Lead her away from Acting but not all the way to Finance. Something where she can make her own hours but still feel intellectually fulfilled and get outside sometimes And not have to wear high heels.
What would that be, Lord? Architecture? Midwifery? Golf course design? I’m asking You, because if I knew, I’d be doing it, dammit.
May she play the Drums to the fiery rhythm of her Own Heart with the sinewy strength of her Own Arms, so she need Not Lie With Drummers.
Grant her a Rough Patch from twelve to seventeen. Let her draw horses and be interested in Barbies for much too long, For childhood is short – a Tiger Flower blooming Magenta for one day – And adulthood is long and dry-humping in cars will wait.
O Lord, break the Internet forever, That she may be spared the misspelled invective of her peers And the online marketing campaign for Rape Hostel V: Girls Just Wanna Get Stabbed.
And when she one day turns on me and calls me a Bitch in front of Hollister, Give me the strength, Lord, to yank her directly into a cab in front of her friends, For I will not have that Shit. I will not have it.
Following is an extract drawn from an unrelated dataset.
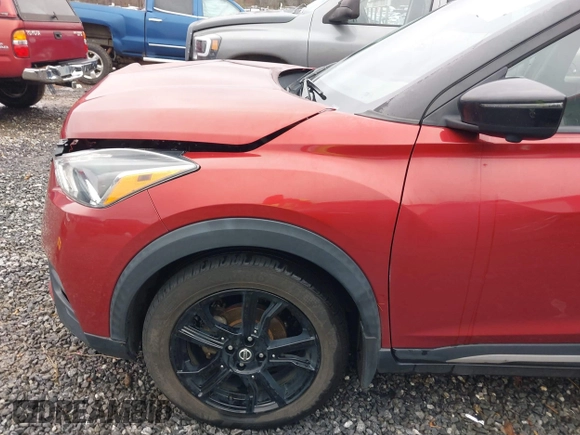 2020 Nissan Kicks SR with VIN 3N1CP5DV4LL565762, listed as a IAAI auction lot 40889527 with 98,722 mi miles. Bid and sale history available at carsss.com. Image 17.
And should she choose to be a Mother one day, be my eyes, Lord, that I may see her, lying on a blanket on the floor at 4:50 A.M., all-at-once exhausted, bored, and in love with the little creature whose poop is leaking up its back.
“My mother did this for me once,” she will realize as she cleans feces off her baby’s neck. “My mother did this for me.” And the delayed gratitude will wash over her as it does each generation and she will make a Mental Note to call me. And she will forget. But I’ll know, because I peeped it with Your God eyes.